Diyelim ki var… Diyelim ki Ahmet Altan Türk medyasını takip etmeden gazete yöneticiliği yapıyor. Peki iddianameyi de mi okumadı?
Çünkü ben yukarıda alıntı yaptığım yazımdaki kanaate iddianameyi okuduktan sonra vardım.
Taraf gazetesinin yöneticisi Ahmet Altan’ın iddianameyi okumamış olması mı daha kabul edilir bir durum, yoksa okuyup sağlam bir delil görmediği halde bu yapılan 'haksız tutuklamayı' mesele etmemesi mi? Hangisi?
Üstelik Ahmet Altan dünkü yazısında “Bu tür tutuklamaların Ergenekon soruşturmasını da sulandırıp şirazesinden çıkardığını” söylüyor...
Ahmet Altan gibi bir aydın, bir gazeteci, bir köşe yazarı bu kadar önemli bir konuda bu kadar yüzeysel kalma hakkına sahip mi Allah aşkına?
Peki şimdi Ergenekon’u kim sulandırıyormuş? Ahmet Altan son 6 aydır yazdıklarını yeniden ele alacak mı?
Mesela Ahmet Altan’ın Başbakan Erdoğan’a ''Ergenekon’a son zamanlarda yeterli desteği vermiyorsun'' diyerek getirdiği zehir zemberek eleştirileri nereye koyacağız?
Yargının bu tür sulandırma adımları karşısında ikileme düşen hükümeti “Ankaralalaştılar” diyerek yerden yere vuran Ahmet Altan “Pardon, benim zekam bütün bunları görmeye yetmemiş” mi diyecek?

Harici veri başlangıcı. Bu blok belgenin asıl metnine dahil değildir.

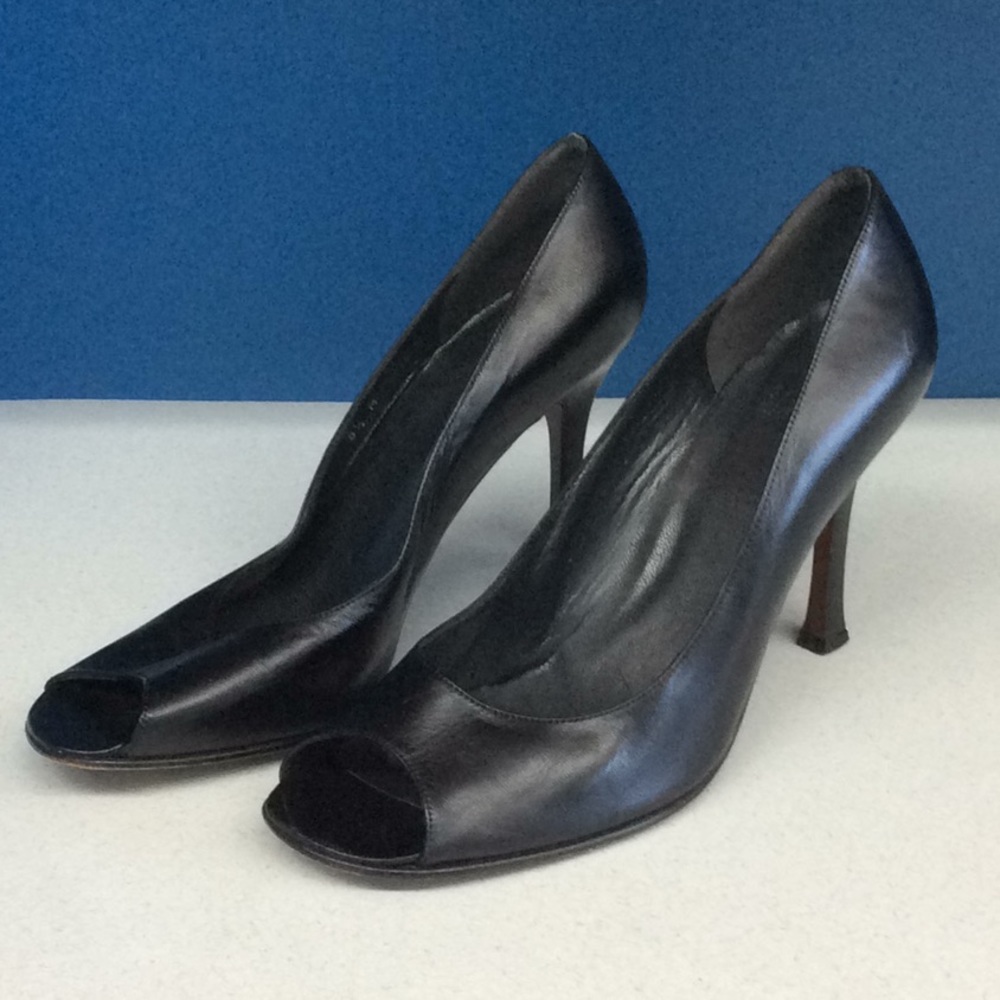 Black Heels - Picture 6 of 8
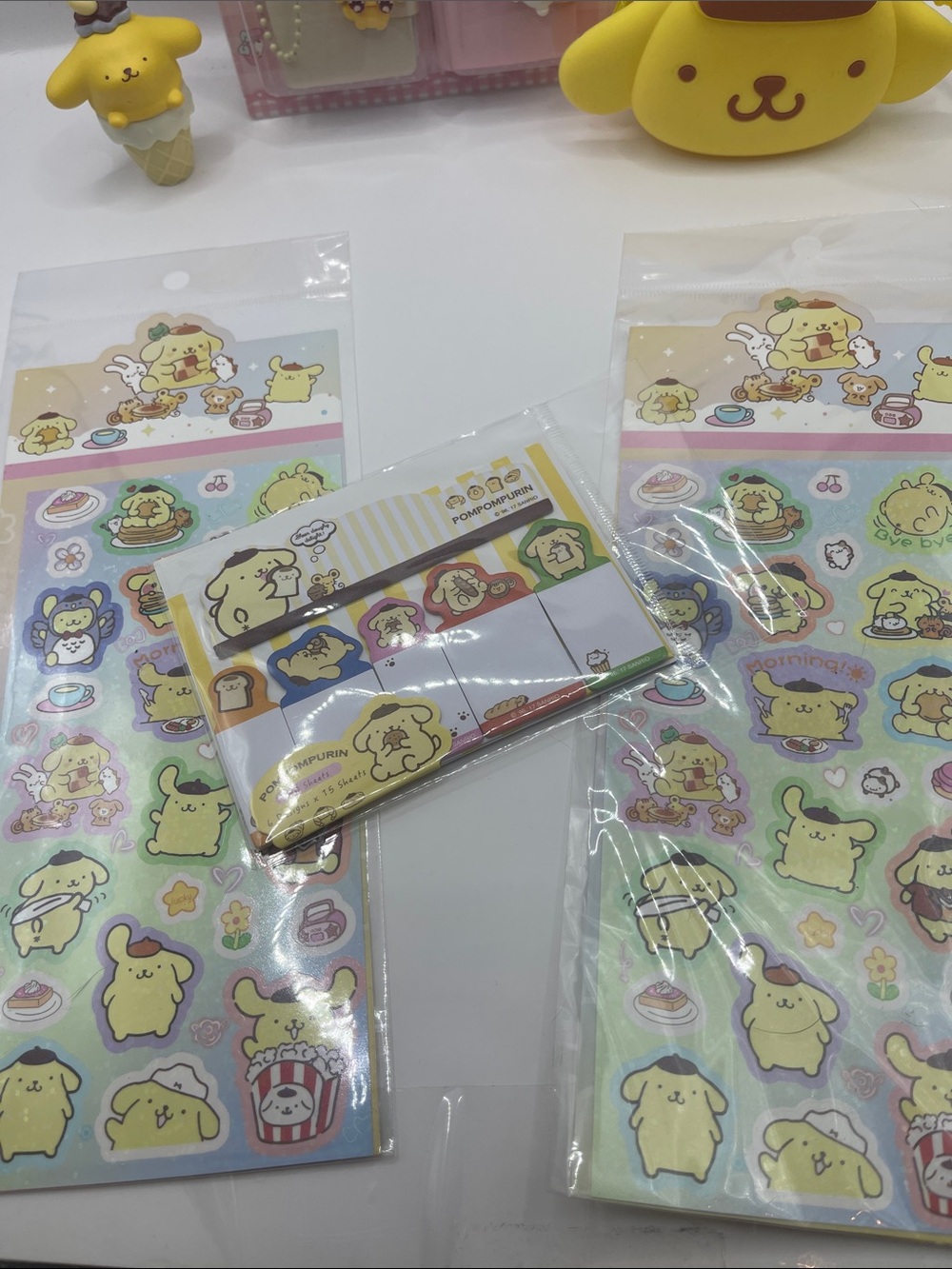 Sanrio Pompompurin Yellow Accessories Sticker & Charm Set - Picture 4 of 4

Ya da “Ben Ankara’da oynanan oyunları anlamadığım için bütün suçu hükümete yıktım''mı diyecek? Hangisi?
Üçüncü bir seçenek olarak: “Ben o esnada elma yediğim içi tüm bunları yazmak işime gelmiyordu”mu diyecek?
Bir gazeteci için hangi seçenek daha itibarlı?
Hatta Ahmet Altan gibi Türkiye’nin vicdanı olmaya çalışan bir gazeteci için hangisi hafifletici sebep sayılabilir?
Benim derdim hükümete getirilen eleştirileri boşa çıkarmak değil. Başbakanın veyahut hükümetin avukatlığına soyunmak ta değil, Türk aydınlarının içine girdiği tuhaf, akıldan ve bazen ahlaktan uzak duruma dikkat çekmek. Çünkü ortada Ahmet Altan açısından rahatsız edici bir tablo var.
Türkiye’de son birkaç yıldır ''temizlik operasyonu'' çerçevesinden onlarca kişiye haksızlık yapıldı ve biz bu haksızlıklara Taraf’ın ve Ahmet Altan’ın dikkatini çekmeyi başaramadık. Niçin?
Hükümeti yerden yere vurma konusundaki cesaretini zaman zaman ''şov'' düzeyine taşıyan Ahmet Altan’ın kamuoyunda oluşan cemaat algısını görmemiş ve sesini çıkarmamış olmasını neye bağlayacağız? Aklına mı, ahlakına mı?
Ahmet Altan hangisini tercih eder?
Ben iyimserliğimi korumak istiyorum: Bütün bunlar olurken, hatta olup biteni ABD’dekiler bile duyarken, Türkiye’de Ahmet Altan’ın bunların hiçbirini görmemiş, duymamış olmasını o sırada ‘elma yemekle’ meşgul olmasına bağlıyorum.